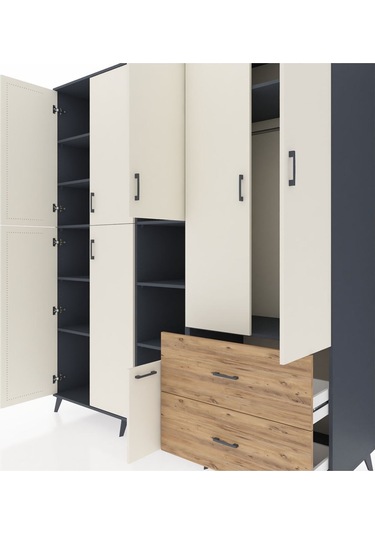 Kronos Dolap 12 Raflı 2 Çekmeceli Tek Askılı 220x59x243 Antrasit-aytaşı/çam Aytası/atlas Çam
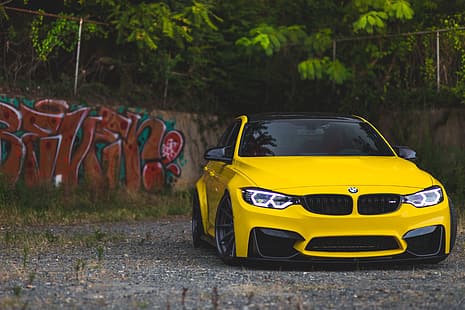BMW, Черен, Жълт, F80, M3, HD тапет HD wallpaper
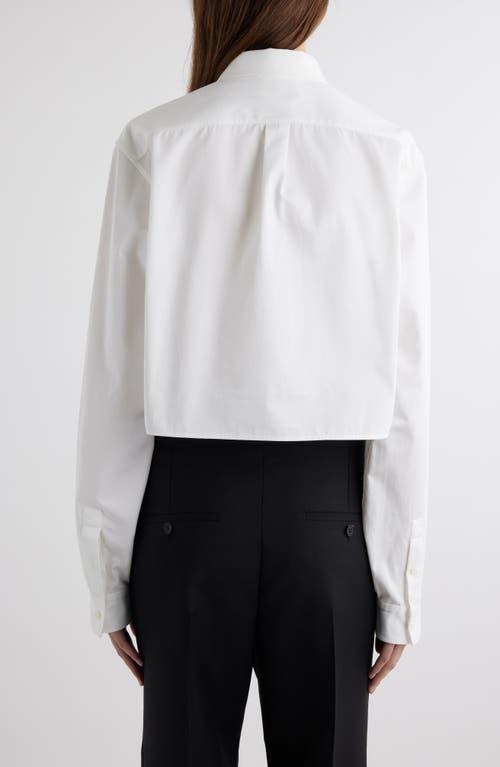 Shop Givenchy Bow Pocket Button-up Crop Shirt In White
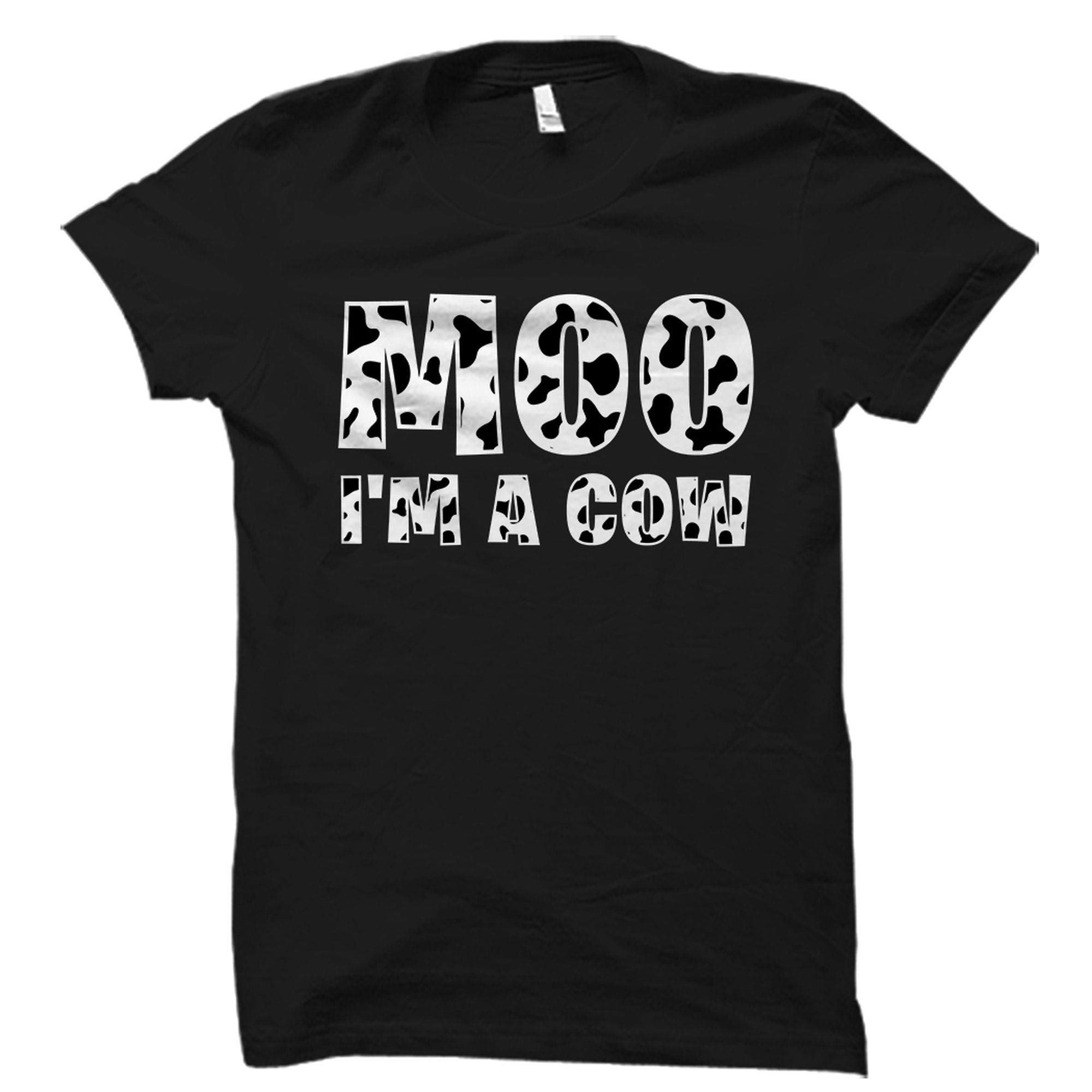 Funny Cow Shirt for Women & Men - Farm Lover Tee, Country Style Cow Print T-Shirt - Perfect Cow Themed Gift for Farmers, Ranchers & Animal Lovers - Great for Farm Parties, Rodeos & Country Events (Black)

++++++++++++++++++++

Exactly reproduce the lines beginning at the one that contains "Shop Givenchy Bow" and ending at the final line of the material, with the pictures left out.

 Shop Givenchy Bow Pocket Button-up Crop Shirt In White
 Funny Cow Shirt for Women & Men - Farm Lover Tee, Country Style Cow Print T-Shirt - Perfect Cow Themed Gift for Farmers, Ranchers & Animal Lovers - Great for Farm Parties, Rodeos & Country Events (Black)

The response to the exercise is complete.